→ **WORK INSTRUCTIONS**:
Your job is to print the listing exactly.

────────

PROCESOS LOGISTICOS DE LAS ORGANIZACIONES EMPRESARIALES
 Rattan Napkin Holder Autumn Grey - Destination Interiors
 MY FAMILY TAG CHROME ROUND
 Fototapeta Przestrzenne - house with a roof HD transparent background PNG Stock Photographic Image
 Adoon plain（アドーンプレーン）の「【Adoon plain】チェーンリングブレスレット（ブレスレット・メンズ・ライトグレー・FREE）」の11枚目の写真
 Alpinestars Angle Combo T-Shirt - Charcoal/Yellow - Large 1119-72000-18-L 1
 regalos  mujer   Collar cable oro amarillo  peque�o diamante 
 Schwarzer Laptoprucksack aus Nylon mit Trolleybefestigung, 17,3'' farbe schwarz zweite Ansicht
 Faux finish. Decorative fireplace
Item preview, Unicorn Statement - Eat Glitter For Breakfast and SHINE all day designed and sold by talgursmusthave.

────────

→ **ANSWER SPACE**:
PROCESOS LOGISTICOS DE LAS ORGANIZACIONES EMPRESARIALES
 Rattan Napkin Holder Autumn Grey - Destination Interiors
 MY FAMILY TAG CHROME ROUND
 Fototapeta Przestrzenne - house with a roof HD transparent background PNG Stock Photographic Image
 Adoon plain（アドーンプレーン）の「【Adoon plain】チェーンリングブレスレット（ブレスレット・メンズ・ライトグレー・FREE）」の11枚目の写真
 Alpinestars Angle Combo T-Shirt - Charcoal/Yellow - Large 1119-72000-18-L 1
 regalos  mujer   Collar cable oro amarillo  peque�o diamante 
 Schwarzer Laptoprucksack aus Nylon mit Trolleybefestigung, 17,3'' farbe schwarz zweite Ansicht
 Faux finish. Decorative fireplace
Item preview, Unicorn Statement - Eat Glitter For Breakfast and SHINE all day designed and sold by talgursmusthave.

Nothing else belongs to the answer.